В океане без компаса
Генри позвонил мне, чтобы устроить предварительный просмотр, так как хотел убедиться, что в фильме и в самом деле сняты ридлеи и он не принял желаемое за действительное. Сильно преуменьшенное описание того, что мне предстояло увидеть, я счел преувеличением, порожденным восторгом, который вызвала в нем его находка. Иначе и быть не могло! Тем не менее фильм, показывающий даже одну ридлею за рытьем гнезда, заслуживал того, чтобы ради него съездить в Остин. И я поехал. Вот каким образом я очутился в затемненной аудитории Техасского университета. Затем запечатленная на цветной пленке аррибада выбралась на берег в Ранчо-Нуэво, и я вдруг поверил, что в мире могут случаться невероятные чудеса.
Фильм был короткий, кое-где рваный, выцветший и поцарапанный. Но тем не менее это была картина года, боевик десятилетия! Впрочем, для меня он был лучшим фильмом всех времен. На мой взгляд, на взгляд человека, двадцать лет гонявшегося за ридлеями, летописца странностей ридлеи, этот фильм затмевал все, что было когда-либо снято, начиная от «Рождения нации» и кончая «Греком Зорбой». И Андрес Эррера в моих глазах превзошел и Феллини, и Хичкока, и Уолта Диснея. Где им было до него! На фестивале в Каннах этот фильм, пожалуй, не стал бы сенсацией, а впрочем, возможно, и стал бы. Однако любого зоолога, особенно зоолога — специалиста по черепахам, и в частности меня, он ошеломлял. Я до сих пор не понимаю тупого равнодушия мира, в котором подобный фильм мог остаться почти незамеченным.
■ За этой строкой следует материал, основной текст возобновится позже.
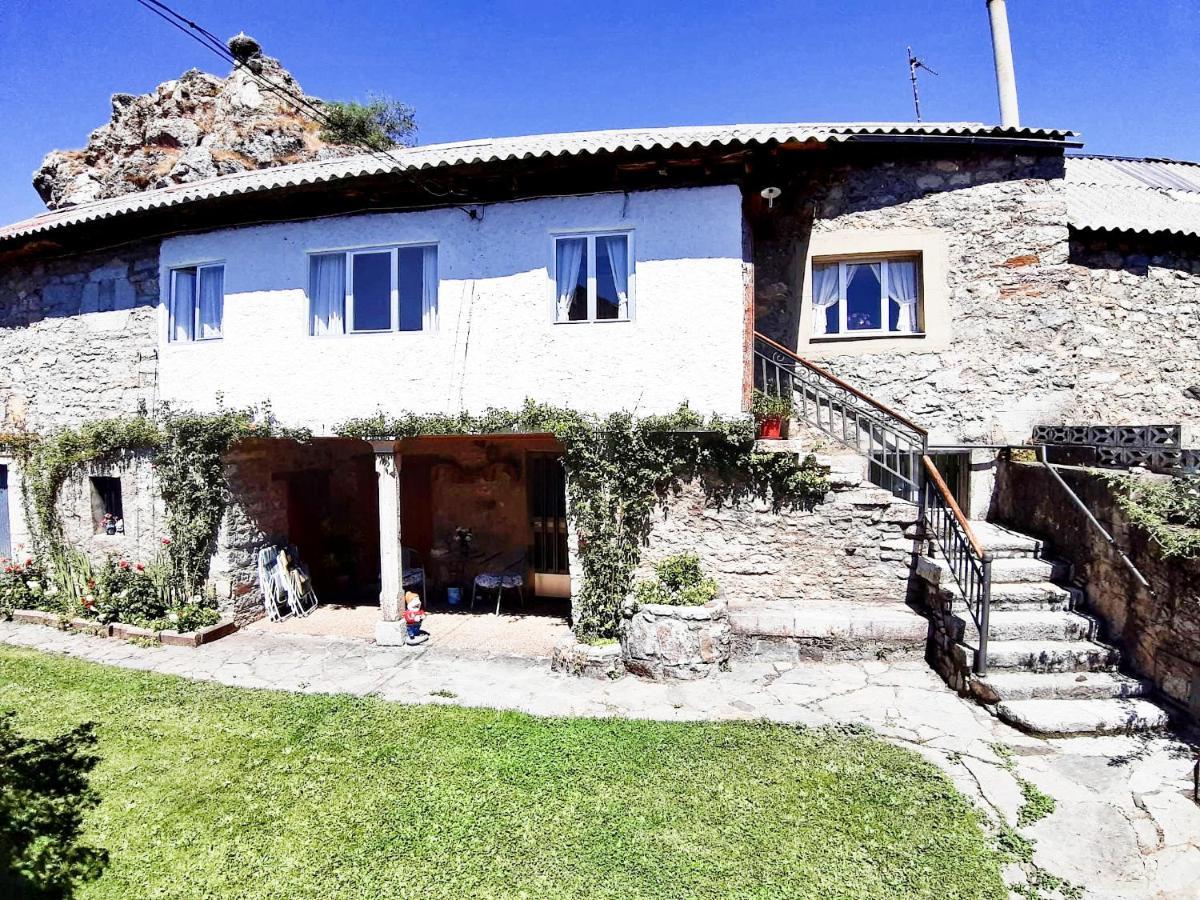 Turismo En Babia Bajo Los Nidos San Emiliano Exterior photo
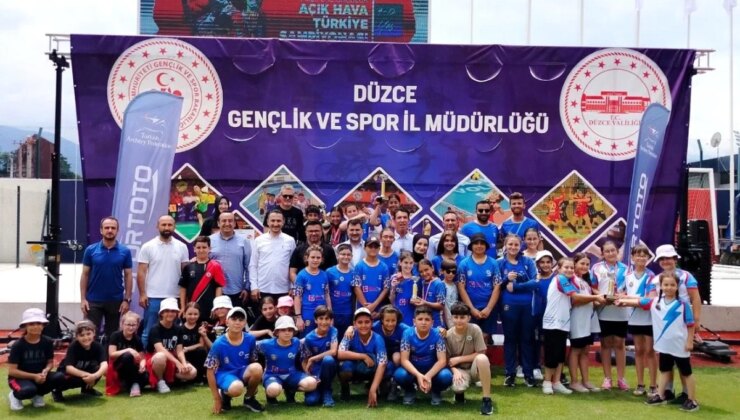 Ases U-13 Okçuluk Açık Hava Türkiye Şampiyonası’nda Dereceye Giren Atletlere Ödülleri Verildi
Я нисколько не преувеличиваю. Поразителен был не только сам фильм, но и дразнящее, почти сверхъестественное его обнаружение именно на этом этапе моих двадцатилетних поисков, которые вели меня к разгадке тайны, покрытой непроницаемым мраком.
В 40-х годах, когда я только-только начал серьезные поиски мест размножения ридлеи и с тревожным недоумением обдумывал утверждения рыбаков, будто эти черепахи вообще не размножаются, Андрес Эррера уже принадлежал к той горстке обитателей мексиканского побережья Мексиканского залива, которые знали про аррибаду. Сам он ни одной пока не видел, но зато слышал множество рассказов про них и пришел к убеждению, что в этих, казалось бы, фантастических небылицах должно быть зерно истины. Как-то, находясь в Мехико, он упомянул об этих легендах, разговаривая с кинооператором фирмы «Патэ». Тот страшно разволновался и уговорил дона Андреса, у которого был маленький самолет, полетать с ним над берегом, так как нашествие черепах могло бы стать отличным сюжетом для документального фильма. Им было известно только, что черепахи могут появиться на берегу в любой день от начала апреля до конца июня в любом месте 90-мильного пляжа, в окрестностях которого не было ни одного селения. Эррера и кинооператор доспорились о дне полета. В назначенный срок кинооператор приехал в Тампико, и дон Андрес пролетел с ним сто миль над берегом до Сотола-ла-Марина и обратно. Ни единой черепахи на пляже они не увидели. Однако оба понимали, как невелики были шансы наткнуться на черепах именно в этот день, и не собирались ограничиваться одним полетом. Они продолжали летать, но прошла неделя, вторая, третья, а черепах на пустынных просторах пляжа по-прежнему не было видно.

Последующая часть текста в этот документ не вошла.